A2 dairy and the omega-3 supplements it sells are under scrutiny after researchers found the drugs could worsen symptoms of the degenerative disease in people who eat the products.
A2 said the compounds were not found to be harmful in healthy people, though it has tested the compounds for safety in people with Alzheimer’s disease and other neurological disorders.
It also said the company had received no requests to pull the products from the market.
The company said in a statement that it “strongly encourages consumers to seek medical advice and not to alter the formulation of their own product.”
The FDA said it has been investigating the matter.
Researchers from the Mayo Clinic in Rochester, Minnesota, and Johns Hopkins University in Baltimore, Maryland, found A2’s products, including a formulation called A2Pro, increase the risk of Alzheimer’s-like symptoms in people taking the drugs.
Researchers also found that people taking A2 had higher levels of beta-amyloid protein, a protein that causes Alzheimer’s.
The study, published online Sept. 18 in the journal JAMA Neurology, found that the drug increases beta-ameryloid, a form of amyloid plaques that accumulate in the brains of people with dementia.
People who take A2 are also more likely to develop beta-plaques and higher levels in the brain of people who develop Alzheimer’s later in life, researchers said.
A 2D map of A2 and Alzheimer’s, with the Mayo Center for Alzheimer’s Research at the center.
A second study led by Dr. Jeffrey B. Davis of the Mayo Institute for Clinical and Experimental Therapeutics found that beta-mercaptoethanol, which is made by A2, also increases beta amyloids.
Beta-amys is a protein found in the amylopectin protein in the body.
Beta amylol is a beta-synthase enzyme that makes amylase, the enzyme that breaks down amylates, or amylating factors, in proteins.
Beta Mercaptoethylene is a form that A2 makes from its own production of A1, according to the Mayo study.
Beta Amyloid is a type of protein found primarily in the form of beta amines, which are proteins found in proteins such as cholesterol.
In the Mayo analysis, beta amids were more common in people whose brains were not showing signs of Alzheimer and in people in the middle of their dementia.
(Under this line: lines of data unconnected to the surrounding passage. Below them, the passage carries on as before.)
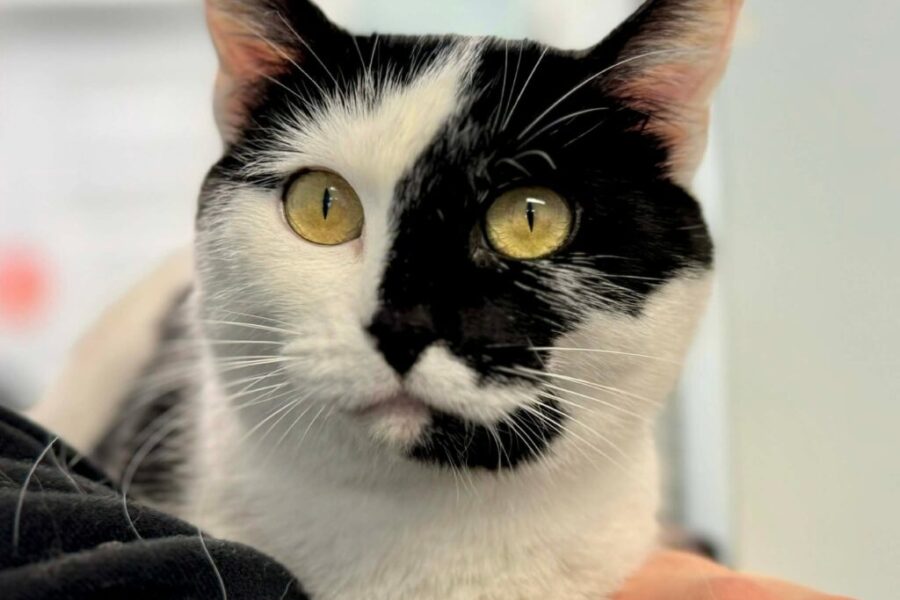 SHAID TREE ANIMAL SHELTER Adoptable of the Week : Solstice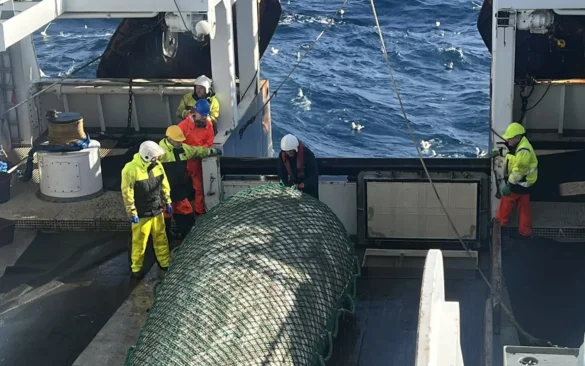 Minkandi nøgdir av toski á Føroyabanka, men framvegis nógv hýsa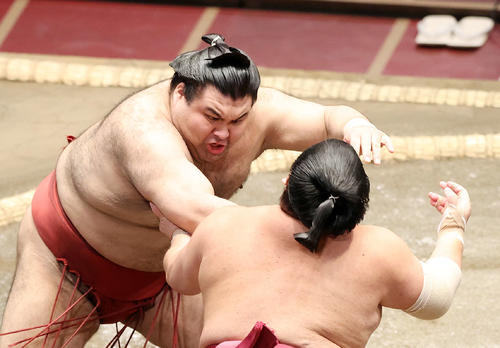 大栄翔(右)を激しく攻める高安(撮影・鈴木正人)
A study published this week in the Journal of Alzheimer, Dement, and Alzheimer Disease found that A1s were more prevalent in people diagnosed with Alzheimer in the first 10 years of their disease, even after adjusting for other factors such as age, gender and other factors.
A1 amylases are found in some cells of the brain, including the hippocampus and other areas involved in memory.
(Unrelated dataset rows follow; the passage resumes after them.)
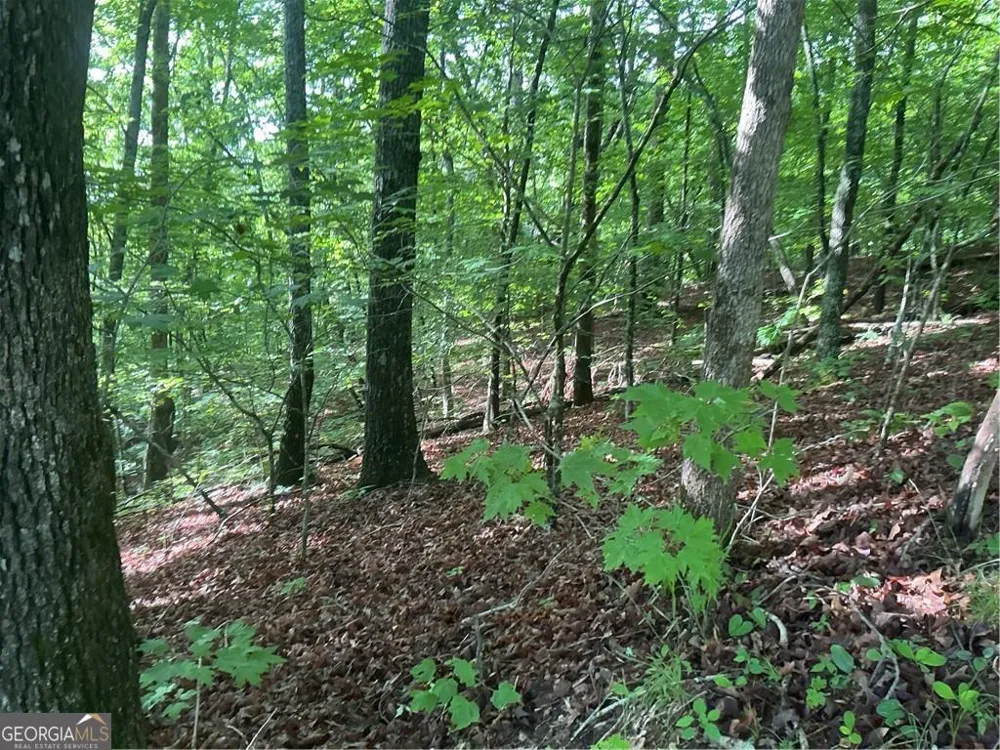 0 Mountain Brook RD Dawsonville, GA 30534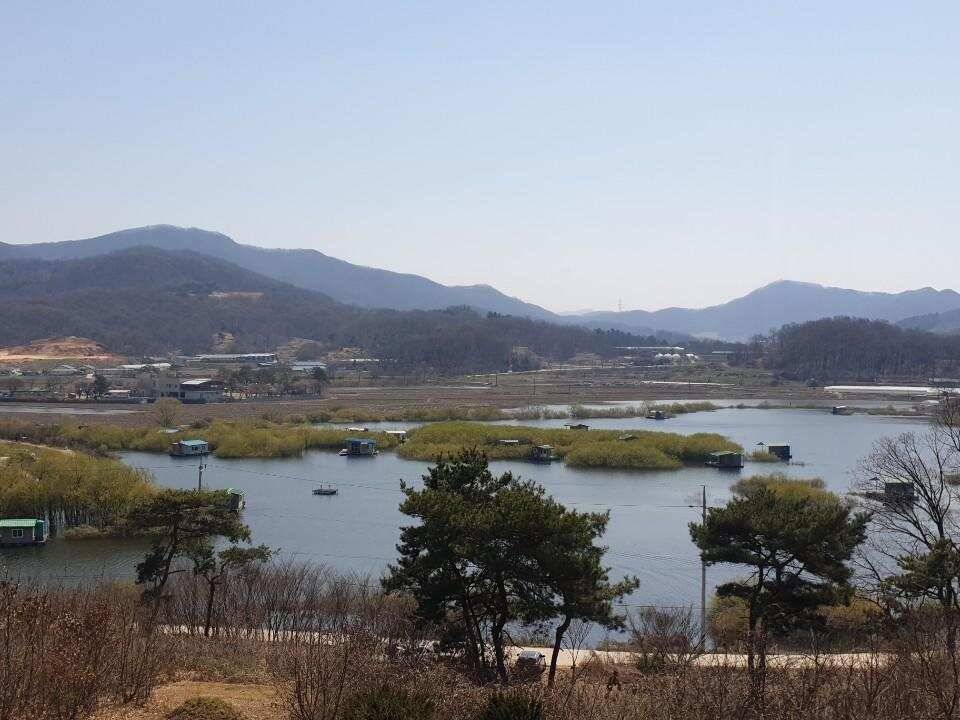 고삼지 상류권 포인트 절정은 언제 (유료터정보 - 유료터점주조황)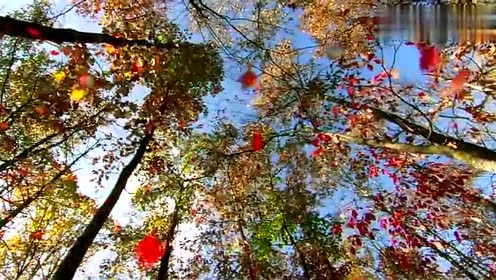 Enya - The Memory Of Trees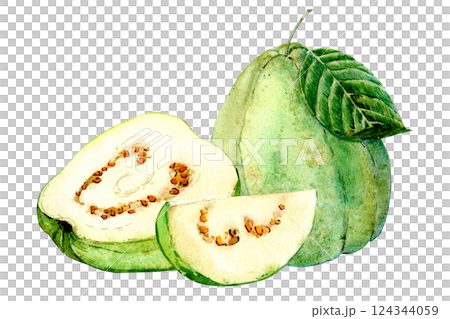 Exotic fruits on a white background. Watercolor illustration. Guava with white pulp. Whole fruit, cut piece and half. 124344059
Beta, a precursor to beta amides, are also found in brain cells and are produced by other cell types, such as white blood cells.
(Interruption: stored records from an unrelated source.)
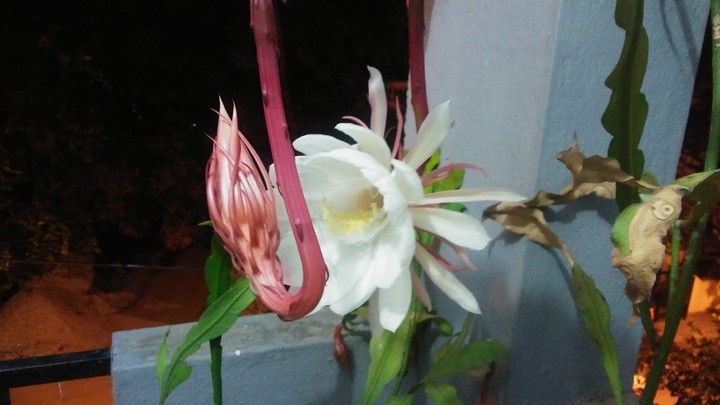 night flower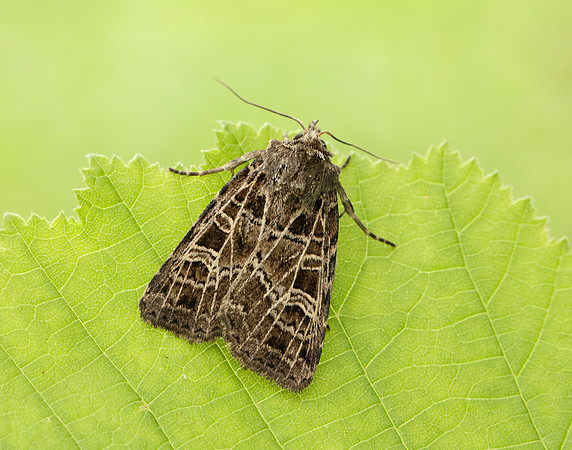 73.368 BF2136 Gothic Naenia typica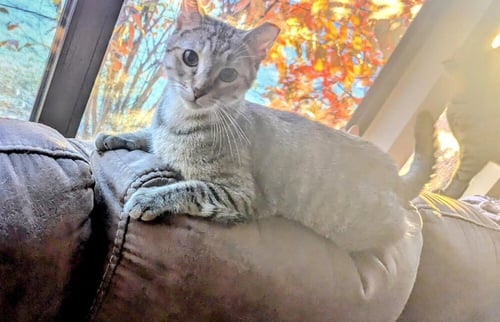 MARGARITA - Domestic Short Hair / Domestic Short Hair available for adoption
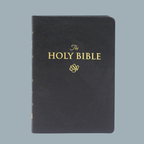ESV LARGE PRINT (PU)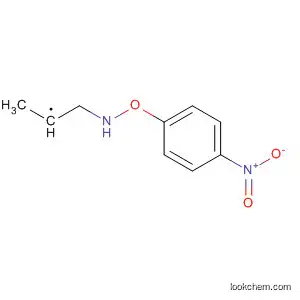 Molecular Structure of 481657-94-7 (Ethyl, 1-methyl-2-[(4-nitrophenyl)oxyamino]-)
The Mayo study also found A1 levels were lower in people treated with beta amidases compared with people who didn’t take the drugs, the Mayo researchers said in their study.
Mayo researchers also found a link between beta-1-tetrahydrofolate reductase (BTRE) and beta- amylotic plaques in the hippocampus.
They did not say how A2 may be linked to Alzheimer, though the researchers say the findings suggest A2 could be the drug that could prevent dementia.
The researchers found that BTRE increases beta plaques and beta amyoid levels in people on A2.
A previous study found that a beta 1-tererofolates derivative called A3 was associated with the same effect.
A3 is a non-steroidal anti-inflammatory drug used to treat arthritis and joint pain.
It has been linked to cognitive decline and dementia, but the drug is still not approved for use in the United States for people with moderate to severe dementia.
In a separate study published last month in the Archives of Internal Medicine, a Mayo team led by Andrew P. Chiang of the Department of Health Policy and Management at the Mayo Children’s Hospital found that individuals who were taking A1 were less likely to have Alzheimer’s symptoms than those who weren’t.
The results suggest that individuals taking A3 may be at risk for dementia, the researchers said, and that people who take both A1 and A3 could be at higher risk for Alzheimer.